Fixing bank culture without new laws

A compelling way to change bad bank culture is to require financial institutions to be continually closely challenged by customer associations.

This would counter the “striking asymmetry of power and information between bank and customer that favours the bank” as noted in the Interim Report of the Hayne Royal Commission.

No changes in law may be required. The establishment of customer associations could be introduced by ASIC as the conduct regulator, and/or APRA, the prudential regulator.

They could require any customer of a financial service institution to automatically obtain voting rights to elect professionally qualified customer advocates for each firm.  

The regulators would determine the professional qualification of advocates and their pay. The cost would be reimbursed by the relevant business.

Anyone with the required professional qualifications could self-nominate to be elected to create market forces for cost effectiveness.

The idea of banks funding customers to take corrective action was raised by Ken Henry, the chair of National Australia Bank.

Henry pointed to out to Commissioner Hayne that the Australian Taxation Office provides such funding for disputes with taxpayers.

Stakeholder advocates could make redundant the international practice of regulators embedding members of their staff in financial institutions. The remit of such staff is limited to compliance issues not to the quality and competitiveness of customer service.

In any event embedded staff are typically restricted to an intermittent presence.

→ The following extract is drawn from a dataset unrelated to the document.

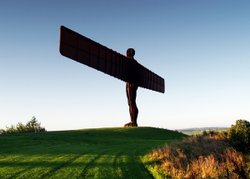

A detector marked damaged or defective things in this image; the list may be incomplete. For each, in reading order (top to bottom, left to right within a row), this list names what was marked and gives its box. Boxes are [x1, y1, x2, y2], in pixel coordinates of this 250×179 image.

rusty steel wing [59, 25, 165, 93]
rusted metal surface [59, 25, 165, 93]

They do not provide continual challenge to management.

Their tenure is not dependent upon obtaining customer satisfaction to be re-elected the following year.

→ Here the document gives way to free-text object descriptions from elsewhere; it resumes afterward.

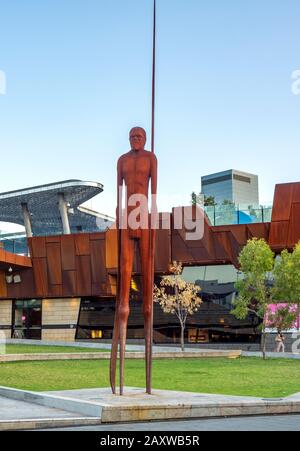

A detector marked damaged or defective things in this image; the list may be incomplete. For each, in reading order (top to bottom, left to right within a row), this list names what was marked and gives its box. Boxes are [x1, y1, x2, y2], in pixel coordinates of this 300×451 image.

rusted corten steel facade [0, 180, 298, 300] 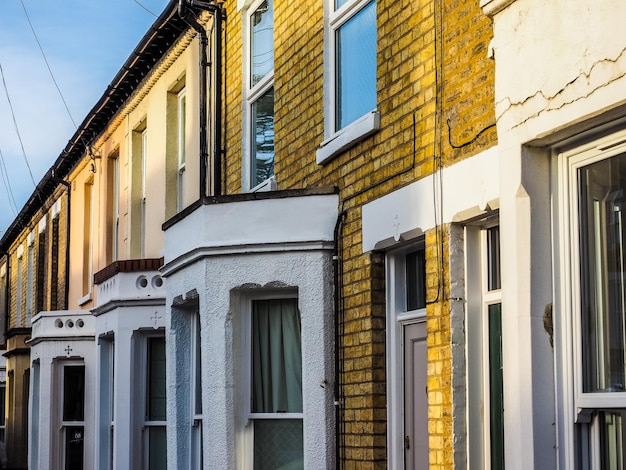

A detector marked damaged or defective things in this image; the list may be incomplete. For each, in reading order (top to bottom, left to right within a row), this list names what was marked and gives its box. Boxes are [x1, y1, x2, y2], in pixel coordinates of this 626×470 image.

cracked plaster wall [490, 0, 624, 140] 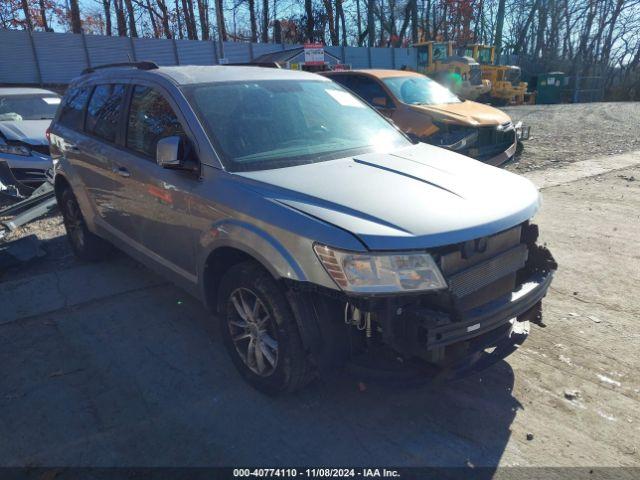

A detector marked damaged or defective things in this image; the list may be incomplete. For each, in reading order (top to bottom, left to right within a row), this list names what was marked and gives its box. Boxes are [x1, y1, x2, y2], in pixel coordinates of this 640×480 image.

cracked headlight [314, 246, 444, 294]
broken fog light [312, 246, 448, 294]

A role for customer advocates

Unlike embedded staff of regulators, or government ombudspersons, customer advocates take on dual duties.

They can mentor bank managers to be “efficient fair and honest” as proposed by Haynes to act as co-regulators as well as improving efficacy and competitiveness of customer service.

They can negotiate win-win solutions in a much more immediate, nuanced and cost effective ways that need not involve the regulators or for issues that are not relevant to regulators.

The efficacy of customer advocates has been proven by the success in the US of Customer Utility Boards (CUBs).

These were established by Ralph Nader to counter price regulators being captured by privately owned utilities providing electricity, gas and telecommunication services.

Proof of their success is that customers had to donate money and personnel involvement.

Such stakeholder involvement also occurs locally as illustrated by the Australian Shareholders Association and Choice, described as “Australia’s leading consumer advocacy group”.

The involvement of Australian customers could be higher in Australia than in the US because the cost of participation could be negligible and benefits far greater.

Australian Banks and other financial service providers who pay the costs could also achieve significant net benefits.

A preference for accepting stakeholder advocates rather than embedded regulators was accepted by the CEO of the Australian Institute of Company directors during a briefing for directors at the Sydney convention centre last September.

Another role of customer advocates would be to determine Key Performance Indicators (KPIs) for protecting and furthering the interests of customers.

These KPIs and the actual performance of each bank could be required to be reported at Annual General Meetings of the financial institution.

In this way shareholders could make informed independent views on how well their directors were protecting the source of their dividends share values.

It would allow investors like BlackRock to assess if the company benefits “all of their stakeholders, including shareholders, employees, customers, and the communities in which they operate”. BlackRock has $US6.4 trillion under management to make it the largest fund manager in the world.

The introduction of stakeholder advocates to challenge management would provide a way for directors to avoid “Group Think” as sought by BlackRock.  

Stakeholder associations provide a way to introduce what BlackRock describes as “A new model of corporate governance”.

More importantly the actual achievement of KPIs by firms would provide a way for Parliament to continually evaluate the performance of its regulators.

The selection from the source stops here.